Raporu inceleyen Halife, Şeyh’e bir mektup yazarak kendisinden özür diler.

 

RASULULLAH’IN KABRİNDEN ELİNİ UZATMASI

 Ahmed el-Rufai, yedi defa hacca gitti. İlk ziyaretini yanına birçok müridini de alarak 555/ 1160 yılında gerçekleştirdi. Peygamberimizin (s.a.v.) kabrine geldiğinde “Ey dedem, Allah’ın selamı üzerine olsun” diye selam verdiğinde kabirden “senin de üzerine olsun ey oğlum” cevabının geldiği bildirilir.

Sonra şu manada bir dörtlük söyledi:

“Ey Allah’ın Rasulü, cismen uzak olduğum zamanlar mübarek kabrine toprağını öpmesi için ruhumu gönderir idim.

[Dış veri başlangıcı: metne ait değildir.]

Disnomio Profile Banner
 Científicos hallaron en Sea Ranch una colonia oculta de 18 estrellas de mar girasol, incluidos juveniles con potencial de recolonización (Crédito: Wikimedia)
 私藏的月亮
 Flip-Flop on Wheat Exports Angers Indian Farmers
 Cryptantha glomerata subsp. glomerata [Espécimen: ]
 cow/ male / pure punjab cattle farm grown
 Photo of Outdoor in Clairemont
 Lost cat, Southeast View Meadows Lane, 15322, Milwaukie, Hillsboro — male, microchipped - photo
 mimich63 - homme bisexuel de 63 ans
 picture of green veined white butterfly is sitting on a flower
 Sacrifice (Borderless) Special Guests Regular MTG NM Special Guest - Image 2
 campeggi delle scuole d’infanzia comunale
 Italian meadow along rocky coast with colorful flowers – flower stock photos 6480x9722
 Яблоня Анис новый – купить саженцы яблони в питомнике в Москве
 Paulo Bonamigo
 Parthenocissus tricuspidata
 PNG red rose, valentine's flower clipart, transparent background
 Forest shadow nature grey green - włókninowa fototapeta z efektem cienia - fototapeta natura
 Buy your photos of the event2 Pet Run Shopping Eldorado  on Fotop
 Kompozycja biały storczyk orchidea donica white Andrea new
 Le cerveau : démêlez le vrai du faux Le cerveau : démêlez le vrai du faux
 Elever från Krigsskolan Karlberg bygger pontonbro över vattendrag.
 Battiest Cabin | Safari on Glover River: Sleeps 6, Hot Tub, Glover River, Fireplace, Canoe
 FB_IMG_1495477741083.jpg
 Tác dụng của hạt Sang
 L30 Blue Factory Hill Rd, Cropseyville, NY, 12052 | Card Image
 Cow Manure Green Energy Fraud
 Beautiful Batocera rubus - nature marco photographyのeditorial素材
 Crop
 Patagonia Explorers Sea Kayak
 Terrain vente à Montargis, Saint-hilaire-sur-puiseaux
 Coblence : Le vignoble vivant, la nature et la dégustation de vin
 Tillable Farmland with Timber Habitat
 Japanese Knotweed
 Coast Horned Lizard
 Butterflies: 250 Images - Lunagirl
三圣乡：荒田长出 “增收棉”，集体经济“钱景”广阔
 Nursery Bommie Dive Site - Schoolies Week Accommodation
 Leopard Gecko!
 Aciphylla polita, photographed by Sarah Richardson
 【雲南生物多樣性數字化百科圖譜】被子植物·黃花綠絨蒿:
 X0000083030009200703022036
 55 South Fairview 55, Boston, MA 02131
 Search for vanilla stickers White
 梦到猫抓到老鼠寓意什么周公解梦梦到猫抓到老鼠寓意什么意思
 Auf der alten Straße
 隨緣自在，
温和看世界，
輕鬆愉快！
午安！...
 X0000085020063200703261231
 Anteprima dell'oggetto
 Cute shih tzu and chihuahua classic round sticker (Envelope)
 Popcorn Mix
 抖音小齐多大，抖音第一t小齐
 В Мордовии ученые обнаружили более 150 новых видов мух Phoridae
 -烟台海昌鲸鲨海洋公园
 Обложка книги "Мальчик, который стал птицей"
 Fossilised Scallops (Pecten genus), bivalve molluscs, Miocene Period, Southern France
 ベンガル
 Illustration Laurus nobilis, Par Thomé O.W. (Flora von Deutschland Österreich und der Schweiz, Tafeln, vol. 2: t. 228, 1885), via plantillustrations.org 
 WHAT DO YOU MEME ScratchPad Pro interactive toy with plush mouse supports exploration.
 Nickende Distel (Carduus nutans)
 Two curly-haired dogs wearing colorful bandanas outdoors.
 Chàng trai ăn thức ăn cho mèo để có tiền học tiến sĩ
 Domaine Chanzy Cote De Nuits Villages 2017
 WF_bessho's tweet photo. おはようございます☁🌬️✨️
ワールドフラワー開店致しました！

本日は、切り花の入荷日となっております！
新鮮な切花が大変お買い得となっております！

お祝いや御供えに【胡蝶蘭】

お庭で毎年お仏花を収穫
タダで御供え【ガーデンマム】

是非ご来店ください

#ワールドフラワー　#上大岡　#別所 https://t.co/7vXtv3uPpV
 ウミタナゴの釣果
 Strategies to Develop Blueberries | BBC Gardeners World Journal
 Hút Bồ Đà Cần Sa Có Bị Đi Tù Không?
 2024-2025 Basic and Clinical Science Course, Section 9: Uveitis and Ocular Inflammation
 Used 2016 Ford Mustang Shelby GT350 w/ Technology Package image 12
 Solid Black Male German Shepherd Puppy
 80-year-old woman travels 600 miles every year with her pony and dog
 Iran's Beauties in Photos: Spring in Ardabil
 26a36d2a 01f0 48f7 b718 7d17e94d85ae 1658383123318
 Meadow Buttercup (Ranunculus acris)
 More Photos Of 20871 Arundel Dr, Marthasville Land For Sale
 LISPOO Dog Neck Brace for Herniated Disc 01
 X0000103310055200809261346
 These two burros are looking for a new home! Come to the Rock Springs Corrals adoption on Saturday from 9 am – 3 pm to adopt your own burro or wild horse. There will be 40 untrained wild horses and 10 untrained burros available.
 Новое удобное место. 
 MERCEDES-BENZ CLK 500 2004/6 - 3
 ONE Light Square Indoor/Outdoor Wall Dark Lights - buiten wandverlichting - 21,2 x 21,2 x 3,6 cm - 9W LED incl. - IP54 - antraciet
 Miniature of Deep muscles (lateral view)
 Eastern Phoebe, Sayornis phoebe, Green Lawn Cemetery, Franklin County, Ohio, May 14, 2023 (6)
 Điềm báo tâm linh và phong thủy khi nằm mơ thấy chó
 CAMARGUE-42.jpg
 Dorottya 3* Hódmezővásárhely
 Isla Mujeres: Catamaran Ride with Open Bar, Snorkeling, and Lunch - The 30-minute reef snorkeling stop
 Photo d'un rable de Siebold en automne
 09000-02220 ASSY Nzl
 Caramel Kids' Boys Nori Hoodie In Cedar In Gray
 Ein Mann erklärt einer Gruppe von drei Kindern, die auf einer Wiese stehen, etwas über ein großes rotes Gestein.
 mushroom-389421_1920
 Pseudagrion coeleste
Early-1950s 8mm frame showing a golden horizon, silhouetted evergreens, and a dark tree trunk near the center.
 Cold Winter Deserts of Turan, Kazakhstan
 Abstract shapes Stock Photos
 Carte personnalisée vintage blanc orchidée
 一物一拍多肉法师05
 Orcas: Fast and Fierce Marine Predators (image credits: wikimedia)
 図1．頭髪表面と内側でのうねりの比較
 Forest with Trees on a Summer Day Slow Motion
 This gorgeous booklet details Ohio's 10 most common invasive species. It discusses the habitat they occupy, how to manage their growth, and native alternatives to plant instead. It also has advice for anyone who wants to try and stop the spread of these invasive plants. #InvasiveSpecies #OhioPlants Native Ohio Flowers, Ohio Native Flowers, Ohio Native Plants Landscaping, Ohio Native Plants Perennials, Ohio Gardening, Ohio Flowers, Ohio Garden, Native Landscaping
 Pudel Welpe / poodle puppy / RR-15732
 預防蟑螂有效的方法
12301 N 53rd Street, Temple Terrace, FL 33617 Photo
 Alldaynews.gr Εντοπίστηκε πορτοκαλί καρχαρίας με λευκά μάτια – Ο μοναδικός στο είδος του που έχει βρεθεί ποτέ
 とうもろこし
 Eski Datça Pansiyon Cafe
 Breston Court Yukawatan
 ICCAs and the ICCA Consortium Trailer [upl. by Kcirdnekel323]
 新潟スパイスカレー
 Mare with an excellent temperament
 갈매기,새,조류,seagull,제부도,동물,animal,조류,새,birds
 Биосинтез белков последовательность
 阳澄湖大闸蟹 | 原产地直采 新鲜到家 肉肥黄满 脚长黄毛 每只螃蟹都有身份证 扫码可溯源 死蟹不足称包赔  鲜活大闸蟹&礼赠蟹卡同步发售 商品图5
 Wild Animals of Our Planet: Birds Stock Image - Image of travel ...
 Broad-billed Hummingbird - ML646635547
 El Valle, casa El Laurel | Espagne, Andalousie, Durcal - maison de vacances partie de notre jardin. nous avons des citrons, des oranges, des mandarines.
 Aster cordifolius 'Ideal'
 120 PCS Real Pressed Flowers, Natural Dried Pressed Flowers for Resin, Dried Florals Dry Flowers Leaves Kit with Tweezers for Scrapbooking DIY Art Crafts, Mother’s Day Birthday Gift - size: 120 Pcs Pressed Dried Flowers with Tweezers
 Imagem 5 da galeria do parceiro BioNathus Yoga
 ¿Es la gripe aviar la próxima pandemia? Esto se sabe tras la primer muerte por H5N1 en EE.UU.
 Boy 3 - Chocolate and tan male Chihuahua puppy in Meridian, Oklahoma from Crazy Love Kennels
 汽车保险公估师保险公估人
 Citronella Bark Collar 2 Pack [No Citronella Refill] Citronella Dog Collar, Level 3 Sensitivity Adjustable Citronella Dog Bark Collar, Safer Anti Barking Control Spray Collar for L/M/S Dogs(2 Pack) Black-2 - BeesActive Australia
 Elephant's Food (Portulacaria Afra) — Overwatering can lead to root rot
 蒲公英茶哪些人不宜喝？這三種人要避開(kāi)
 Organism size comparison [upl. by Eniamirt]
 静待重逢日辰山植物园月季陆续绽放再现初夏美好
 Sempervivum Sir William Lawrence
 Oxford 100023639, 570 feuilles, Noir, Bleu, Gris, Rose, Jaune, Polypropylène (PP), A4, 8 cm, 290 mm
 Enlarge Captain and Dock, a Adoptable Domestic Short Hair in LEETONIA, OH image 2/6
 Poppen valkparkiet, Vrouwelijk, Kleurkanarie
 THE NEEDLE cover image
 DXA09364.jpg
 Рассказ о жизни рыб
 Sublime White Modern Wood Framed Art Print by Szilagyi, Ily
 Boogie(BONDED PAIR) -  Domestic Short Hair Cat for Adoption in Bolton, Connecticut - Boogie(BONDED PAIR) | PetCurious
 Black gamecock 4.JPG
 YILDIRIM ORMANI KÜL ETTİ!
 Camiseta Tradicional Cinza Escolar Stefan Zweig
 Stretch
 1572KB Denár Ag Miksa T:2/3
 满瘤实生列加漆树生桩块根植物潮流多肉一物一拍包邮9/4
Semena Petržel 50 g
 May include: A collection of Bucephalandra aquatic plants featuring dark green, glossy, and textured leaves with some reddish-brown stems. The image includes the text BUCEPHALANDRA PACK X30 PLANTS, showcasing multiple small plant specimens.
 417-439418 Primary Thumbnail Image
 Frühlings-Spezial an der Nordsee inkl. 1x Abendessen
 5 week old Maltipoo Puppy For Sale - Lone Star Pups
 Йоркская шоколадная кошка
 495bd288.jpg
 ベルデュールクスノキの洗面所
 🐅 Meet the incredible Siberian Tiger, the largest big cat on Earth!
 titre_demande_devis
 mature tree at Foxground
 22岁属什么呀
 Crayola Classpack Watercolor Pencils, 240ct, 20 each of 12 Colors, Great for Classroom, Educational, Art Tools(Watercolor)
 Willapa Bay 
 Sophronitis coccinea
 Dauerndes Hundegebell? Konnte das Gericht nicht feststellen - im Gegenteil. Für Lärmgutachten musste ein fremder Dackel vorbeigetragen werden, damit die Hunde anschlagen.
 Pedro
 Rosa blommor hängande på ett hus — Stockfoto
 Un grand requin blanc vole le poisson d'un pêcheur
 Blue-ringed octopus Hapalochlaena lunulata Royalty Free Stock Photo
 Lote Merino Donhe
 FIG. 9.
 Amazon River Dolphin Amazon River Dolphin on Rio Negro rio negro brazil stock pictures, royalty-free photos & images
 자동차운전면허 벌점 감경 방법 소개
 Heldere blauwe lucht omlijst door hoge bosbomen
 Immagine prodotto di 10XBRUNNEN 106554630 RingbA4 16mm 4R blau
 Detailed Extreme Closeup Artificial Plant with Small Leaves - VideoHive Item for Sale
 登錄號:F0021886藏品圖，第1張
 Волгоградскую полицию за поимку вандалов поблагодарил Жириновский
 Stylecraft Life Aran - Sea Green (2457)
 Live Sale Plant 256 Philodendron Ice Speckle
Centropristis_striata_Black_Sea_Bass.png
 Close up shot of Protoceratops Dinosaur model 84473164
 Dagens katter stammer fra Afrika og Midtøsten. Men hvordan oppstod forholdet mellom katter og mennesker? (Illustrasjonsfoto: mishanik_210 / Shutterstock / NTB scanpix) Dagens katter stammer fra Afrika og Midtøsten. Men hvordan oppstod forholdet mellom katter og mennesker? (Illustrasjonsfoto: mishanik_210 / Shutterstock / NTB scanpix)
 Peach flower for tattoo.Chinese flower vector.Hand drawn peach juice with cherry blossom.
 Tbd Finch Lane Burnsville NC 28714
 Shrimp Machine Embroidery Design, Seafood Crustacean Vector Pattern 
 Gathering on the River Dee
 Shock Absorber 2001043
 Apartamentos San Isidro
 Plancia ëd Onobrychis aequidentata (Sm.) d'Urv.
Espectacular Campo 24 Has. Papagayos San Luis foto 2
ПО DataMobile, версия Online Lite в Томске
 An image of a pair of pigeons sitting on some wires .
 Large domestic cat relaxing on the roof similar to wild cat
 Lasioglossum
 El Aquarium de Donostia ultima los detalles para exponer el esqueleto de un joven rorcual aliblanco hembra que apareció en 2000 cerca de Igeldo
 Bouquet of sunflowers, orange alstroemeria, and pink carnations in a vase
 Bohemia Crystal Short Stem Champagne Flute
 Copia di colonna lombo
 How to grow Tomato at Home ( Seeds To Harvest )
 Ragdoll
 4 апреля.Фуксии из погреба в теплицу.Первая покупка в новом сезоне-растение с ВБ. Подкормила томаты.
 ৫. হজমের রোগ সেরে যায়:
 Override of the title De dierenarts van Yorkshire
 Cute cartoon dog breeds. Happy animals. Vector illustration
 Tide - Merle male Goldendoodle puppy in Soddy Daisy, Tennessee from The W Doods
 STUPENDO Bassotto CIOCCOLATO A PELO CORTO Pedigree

Mübarek saadetli elini ver öpeyim ki, dudaklarım sefa bulsun.”

Bunun üzerine kabirden bir el uzandığı, Rufai Hazretlerinin o eli öptüğü, bu olayı Şeyh Hayat bin Kays Harrani, Şeyh Adiyy bin Müsafir, Abdülkadir Geylani ve şeyh Ukayl Menbici’nin gördüğü rivayet edilir.

“Oldu ol gavs-ı muazzam mazhar-ı bezm-i kabul,

Destini sundu ana kabri şerifinden Rasul,

Yed be yed iras-ı feyz itdi Muhammed Ahmed’e

Olmadı bir ferde layık böyle ali vusul.”

 

Ahmed er-Rufai Hazretleri, şehvetten uzak, şikayetsiz bir sabır, takva ehli, açlığı ibadet, tokluğu kanaat olan, eline bir şey geçmezse sabreden, geçtiğinde onu başkalarına veren, rahat bilmez, istirahat düşünmez, çok oruç tutup , çok namaz kılan, az uyuyan, çirkin sözlerden dilini koruyan, rıza hırkasını giymiş, başına gelenlere sabırla göğüs geren, insanlara eliyle, dili ile, malıyla faydası dokunan, safa kasesinden içmiş, takva gömleğine bürünmüş biri idi.

Huşu ve tevazu sahibi, çok ağlayan, nefsini ve kalbini mağfiretle eğitmeye çalışan, oturmasında, ağlamasında, yemesinde, içmesinde, uyumasında, kalkmasında edebe dikkat eden, ihtiyaçlarını kendisi karşılayan birisi idi.

 

 

ESERLERİ

Şerhü’t- Tenbih, El-Hikem er-Rufaiyye, El-Burhanü’l Müeyyed, El- Mecalisü’s- Seniyye, El-Erbaune Hadisen, Haletü Ehli’l- Hakika Maallah, En-Nizamü’l-Has li Ehli’l İhtisas, El- Eş’ar, El- Ahzab ve’l –Evrad.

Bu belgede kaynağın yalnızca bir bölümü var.